__What you are asked to do__.
Where the listing below has a line with "TIGER OF SWEDEN Coline Structured Shirt", write out exactly that line and every line after it, stopping after the line with "4.09 Carat ·".
*** Opening Data ***
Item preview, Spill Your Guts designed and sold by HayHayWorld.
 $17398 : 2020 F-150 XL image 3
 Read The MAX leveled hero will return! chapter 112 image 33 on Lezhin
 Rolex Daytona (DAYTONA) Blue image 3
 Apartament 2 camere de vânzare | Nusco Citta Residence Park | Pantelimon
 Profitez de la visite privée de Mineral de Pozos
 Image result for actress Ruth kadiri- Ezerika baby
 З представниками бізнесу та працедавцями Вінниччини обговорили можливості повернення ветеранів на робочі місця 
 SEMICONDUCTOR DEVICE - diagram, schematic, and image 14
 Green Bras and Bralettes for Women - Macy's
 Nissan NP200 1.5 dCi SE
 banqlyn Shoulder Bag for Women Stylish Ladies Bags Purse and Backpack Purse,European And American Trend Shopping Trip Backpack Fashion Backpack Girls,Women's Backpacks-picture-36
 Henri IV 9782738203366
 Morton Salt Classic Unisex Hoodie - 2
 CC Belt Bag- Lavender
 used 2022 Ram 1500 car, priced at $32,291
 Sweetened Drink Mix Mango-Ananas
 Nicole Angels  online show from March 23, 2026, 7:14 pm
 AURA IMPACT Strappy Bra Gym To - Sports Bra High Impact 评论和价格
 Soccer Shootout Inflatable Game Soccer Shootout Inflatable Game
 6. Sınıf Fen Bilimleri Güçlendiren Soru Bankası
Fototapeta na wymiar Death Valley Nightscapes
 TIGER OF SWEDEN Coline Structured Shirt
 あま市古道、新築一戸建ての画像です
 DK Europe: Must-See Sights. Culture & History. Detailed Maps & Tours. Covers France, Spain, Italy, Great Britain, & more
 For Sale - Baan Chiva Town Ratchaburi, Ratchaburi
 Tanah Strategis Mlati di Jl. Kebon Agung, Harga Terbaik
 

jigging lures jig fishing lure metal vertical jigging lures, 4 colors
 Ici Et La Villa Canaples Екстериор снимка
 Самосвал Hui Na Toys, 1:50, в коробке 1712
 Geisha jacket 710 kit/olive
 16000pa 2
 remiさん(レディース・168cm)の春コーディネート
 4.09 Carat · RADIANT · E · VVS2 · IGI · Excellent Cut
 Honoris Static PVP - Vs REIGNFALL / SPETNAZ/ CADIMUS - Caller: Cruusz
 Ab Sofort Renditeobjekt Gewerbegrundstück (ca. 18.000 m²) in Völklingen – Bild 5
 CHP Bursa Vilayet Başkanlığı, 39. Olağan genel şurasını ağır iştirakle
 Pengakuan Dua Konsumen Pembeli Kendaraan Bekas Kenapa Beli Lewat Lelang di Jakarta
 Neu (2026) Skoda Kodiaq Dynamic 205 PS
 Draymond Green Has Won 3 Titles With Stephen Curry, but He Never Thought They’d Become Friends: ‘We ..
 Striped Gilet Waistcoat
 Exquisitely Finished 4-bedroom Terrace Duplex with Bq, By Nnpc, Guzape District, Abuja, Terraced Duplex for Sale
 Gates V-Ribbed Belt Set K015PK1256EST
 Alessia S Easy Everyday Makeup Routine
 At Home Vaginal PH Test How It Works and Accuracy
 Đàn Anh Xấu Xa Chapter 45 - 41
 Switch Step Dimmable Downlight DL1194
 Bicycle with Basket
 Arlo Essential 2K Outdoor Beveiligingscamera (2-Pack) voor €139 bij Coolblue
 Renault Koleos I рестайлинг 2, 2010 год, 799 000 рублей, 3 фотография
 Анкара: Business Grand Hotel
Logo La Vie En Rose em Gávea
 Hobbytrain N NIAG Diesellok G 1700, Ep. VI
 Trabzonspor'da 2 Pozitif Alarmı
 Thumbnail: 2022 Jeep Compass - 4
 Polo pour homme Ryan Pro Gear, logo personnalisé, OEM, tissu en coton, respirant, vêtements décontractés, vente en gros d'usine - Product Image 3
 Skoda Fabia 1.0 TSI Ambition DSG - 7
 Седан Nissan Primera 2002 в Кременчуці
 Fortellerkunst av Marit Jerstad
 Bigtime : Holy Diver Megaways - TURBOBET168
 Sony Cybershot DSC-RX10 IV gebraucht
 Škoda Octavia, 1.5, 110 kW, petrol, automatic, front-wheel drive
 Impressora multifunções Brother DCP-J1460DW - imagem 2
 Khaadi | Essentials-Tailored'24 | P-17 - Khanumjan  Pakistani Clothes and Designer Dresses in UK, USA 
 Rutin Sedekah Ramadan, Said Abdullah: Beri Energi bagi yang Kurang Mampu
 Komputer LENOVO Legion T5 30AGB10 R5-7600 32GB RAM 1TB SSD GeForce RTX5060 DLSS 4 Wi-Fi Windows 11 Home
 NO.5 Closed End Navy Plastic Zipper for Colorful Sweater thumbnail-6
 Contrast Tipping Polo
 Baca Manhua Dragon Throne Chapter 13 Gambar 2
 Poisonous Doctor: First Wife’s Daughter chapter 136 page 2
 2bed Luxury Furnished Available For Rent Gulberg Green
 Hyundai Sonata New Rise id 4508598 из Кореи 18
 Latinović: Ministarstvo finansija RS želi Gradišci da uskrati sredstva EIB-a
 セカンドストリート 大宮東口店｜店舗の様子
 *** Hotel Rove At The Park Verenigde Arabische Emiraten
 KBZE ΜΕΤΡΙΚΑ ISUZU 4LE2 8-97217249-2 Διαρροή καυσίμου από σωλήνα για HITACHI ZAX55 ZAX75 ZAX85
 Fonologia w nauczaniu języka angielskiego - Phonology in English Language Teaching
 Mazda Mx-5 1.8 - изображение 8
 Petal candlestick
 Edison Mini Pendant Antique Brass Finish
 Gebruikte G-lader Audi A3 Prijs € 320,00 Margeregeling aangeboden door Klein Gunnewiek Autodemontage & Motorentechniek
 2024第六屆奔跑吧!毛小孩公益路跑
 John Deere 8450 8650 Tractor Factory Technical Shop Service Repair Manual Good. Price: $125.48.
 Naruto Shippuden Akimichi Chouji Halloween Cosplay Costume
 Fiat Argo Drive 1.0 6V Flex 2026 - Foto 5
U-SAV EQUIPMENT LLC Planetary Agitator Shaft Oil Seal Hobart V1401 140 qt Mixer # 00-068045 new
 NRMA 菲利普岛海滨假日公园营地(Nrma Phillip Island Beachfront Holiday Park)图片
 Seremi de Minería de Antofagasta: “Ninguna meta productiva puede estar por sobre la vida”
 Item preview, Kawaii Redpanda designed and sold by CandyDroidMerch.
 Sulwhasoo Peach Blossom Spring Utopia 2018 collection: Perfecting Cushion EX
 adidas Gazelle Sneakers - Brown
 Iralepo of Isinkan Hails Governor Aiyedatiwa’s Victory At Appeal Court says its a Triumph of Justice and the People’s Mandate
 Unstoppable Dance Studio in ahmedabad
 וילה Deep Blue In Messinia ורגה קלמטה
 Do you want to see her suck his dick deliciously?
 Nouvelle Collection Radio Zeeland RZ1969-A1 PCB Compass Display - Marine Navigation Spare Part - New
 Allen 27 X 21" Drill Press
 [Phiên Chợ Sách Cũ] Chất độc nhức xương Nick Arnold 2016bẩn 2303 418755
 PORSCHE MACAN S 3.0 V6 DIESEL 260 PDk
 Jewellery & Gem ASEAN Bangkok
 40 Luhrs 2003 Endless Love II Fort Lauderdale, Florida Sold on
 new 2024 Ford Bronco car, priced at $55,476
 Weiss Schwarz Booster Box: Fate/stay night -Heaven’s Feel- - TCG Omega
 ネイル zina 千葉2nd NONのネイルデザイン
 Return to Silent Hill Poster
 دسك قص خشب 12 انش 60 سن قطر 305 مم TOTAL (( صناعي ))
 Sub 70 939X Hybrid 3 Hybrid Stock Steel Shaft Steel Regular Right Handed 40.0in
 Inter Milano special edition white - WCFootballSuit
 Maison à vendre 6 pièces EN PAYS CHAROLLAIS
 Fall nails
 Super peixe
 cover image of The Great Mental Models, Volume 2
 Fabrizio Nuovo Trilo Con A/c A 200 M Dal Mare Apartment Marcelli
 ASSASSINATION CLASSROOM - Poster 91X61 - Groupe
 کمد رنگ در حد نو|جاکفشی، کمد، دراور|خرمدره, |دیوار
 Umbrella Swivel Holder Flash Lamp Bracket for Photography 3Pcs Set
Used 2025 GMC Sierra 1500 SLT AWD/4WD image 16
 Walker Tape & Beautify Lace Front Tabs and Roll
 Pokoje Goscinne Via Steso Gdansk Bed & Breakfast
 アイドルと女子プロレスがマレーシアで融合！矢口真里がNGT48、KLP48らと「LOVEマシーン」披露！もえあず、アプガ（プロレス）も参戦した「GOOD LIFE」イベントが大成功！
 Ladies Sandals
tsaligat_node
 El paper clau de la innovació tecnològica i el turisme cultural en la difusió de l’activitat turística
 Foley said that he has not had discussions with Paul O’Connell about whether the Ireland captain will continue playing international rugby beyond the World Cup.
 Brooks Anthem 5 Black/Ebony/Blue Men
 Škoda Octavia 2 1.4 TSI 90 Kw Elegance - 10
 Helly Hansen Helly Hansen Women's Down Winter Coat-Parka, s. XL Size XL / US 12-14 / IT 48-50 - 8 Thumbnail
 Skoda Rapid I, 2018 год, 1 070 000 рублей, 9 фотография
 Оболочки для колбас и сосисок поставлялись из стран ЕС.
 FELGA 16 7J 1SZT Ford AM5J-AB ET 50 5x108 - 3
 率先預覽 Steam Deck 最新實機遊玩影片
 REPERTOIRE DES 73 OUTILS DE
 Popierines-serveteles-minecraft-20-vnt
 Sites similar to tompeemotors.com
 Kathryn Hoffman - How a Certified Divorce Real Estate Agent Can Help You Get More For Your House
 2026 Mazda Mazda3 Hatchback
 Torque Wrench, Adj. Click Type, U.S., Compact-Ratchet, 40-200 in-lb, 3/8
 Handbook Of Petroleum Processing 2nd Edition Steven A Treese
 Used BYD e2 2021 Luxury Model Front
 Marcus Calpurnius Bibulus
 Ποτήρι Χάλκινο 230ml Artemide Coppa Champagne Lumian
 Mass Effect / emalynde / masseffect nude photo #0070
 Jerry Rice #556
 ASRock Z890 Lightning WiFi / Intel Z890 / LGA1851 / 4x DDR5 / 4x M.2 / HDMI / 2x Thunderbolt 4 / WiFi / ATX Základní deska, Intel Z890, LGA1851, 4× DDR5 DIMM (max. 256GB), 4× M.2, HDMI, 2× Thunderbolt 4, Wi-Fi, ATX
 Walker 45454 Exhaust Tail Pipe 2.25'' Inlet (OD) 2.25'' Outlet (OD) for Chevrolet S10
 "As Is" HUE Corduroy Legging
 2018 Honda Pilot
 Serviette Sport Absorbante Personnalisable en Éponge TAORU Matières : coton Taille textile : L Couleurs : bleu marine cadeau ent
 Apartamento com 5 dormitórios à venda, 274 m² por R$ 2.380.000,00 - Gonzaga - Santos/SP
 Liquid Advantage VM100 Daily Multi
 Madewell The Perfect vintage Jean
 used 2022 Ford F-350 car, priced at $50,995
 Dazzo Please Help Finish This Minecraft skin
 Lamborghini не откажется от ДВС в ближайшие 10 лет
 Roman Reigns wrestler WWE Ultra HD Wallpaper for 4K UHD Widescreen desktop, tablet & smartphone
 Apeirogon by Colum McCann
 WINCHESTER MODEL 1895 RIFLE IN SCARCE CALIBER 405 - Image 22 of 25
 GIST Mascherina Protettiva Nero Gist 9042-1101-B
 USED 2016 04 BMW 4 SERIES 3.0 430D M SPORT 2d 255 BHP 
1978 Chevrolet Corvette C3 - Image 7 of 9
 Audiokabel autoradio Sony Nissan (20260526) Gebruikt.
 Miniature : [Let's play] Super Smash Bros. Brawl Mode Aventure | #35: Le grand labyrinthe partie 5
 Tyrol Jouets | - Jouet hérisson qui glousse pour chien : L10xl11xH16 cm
*** Closing Data ***
__Output of the task__.
 TIGER OF SWEDEN Coline Structured Shirt
 あま市古道、新築一戸建ての画像です
 DK Europe: Must-See Sights. Culture & History. Detailed Maps & Tours. Covers France, Spain, Italy, Great Britain, & more
 For Sale - Baan Chiva Town Ratchaburi, Ratchaburi
 Tanah Strategis Mlati di Jl. Kebon Agung, Harga Terbaik
 

jigging lures jig fishing lure metal vertical jigging lures, 4 colors
 Ici Et La Villa Canaples Екстериор снимка
 Самосвал Hui Na Toys, 1:50, в коробке 1712
 Geisha jacket 710 kit/olive
 16000pa 2
 remiさん(レディース・168cm)の春コーディネート
 4.09 Carat · RADIANT · E · VVS2 · IGI · Excellent Cut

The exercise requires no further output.